Your assignment: What you return should be every line of the material, unchanged.

The data:
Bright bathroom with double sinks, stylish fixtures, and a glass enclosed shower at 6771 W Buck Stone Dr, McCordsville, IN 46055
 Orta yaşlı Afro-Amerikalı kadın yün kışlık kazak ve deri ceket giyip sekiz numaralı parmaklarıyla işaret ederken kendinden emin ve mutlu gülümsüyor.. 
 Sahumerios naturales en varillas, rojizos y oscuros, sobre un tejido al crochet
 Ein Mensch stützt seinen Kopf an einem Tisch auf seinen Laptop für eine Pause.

Task result:
Bright bathroom with double sinks, stylish fixtures, and a glass enclosed shower at 6771 W Buck Stone Dr, McCordsville, IN 46055
 Orta yaşlı Afro-Amerikalı kadın yün kışlık kazak ve deri ceket giyip sekiz numaralı parmaklarıyla işaret ederken kendinden emin ve mutlu gülümsüyor.. 
 Sahumerios naturales en varillas, rojizos y oscuros, sobre un tejido al crochet
 Ein Mensch stützt seinen Kopf an einem Tisch auf seinen Laptop für eine Pause.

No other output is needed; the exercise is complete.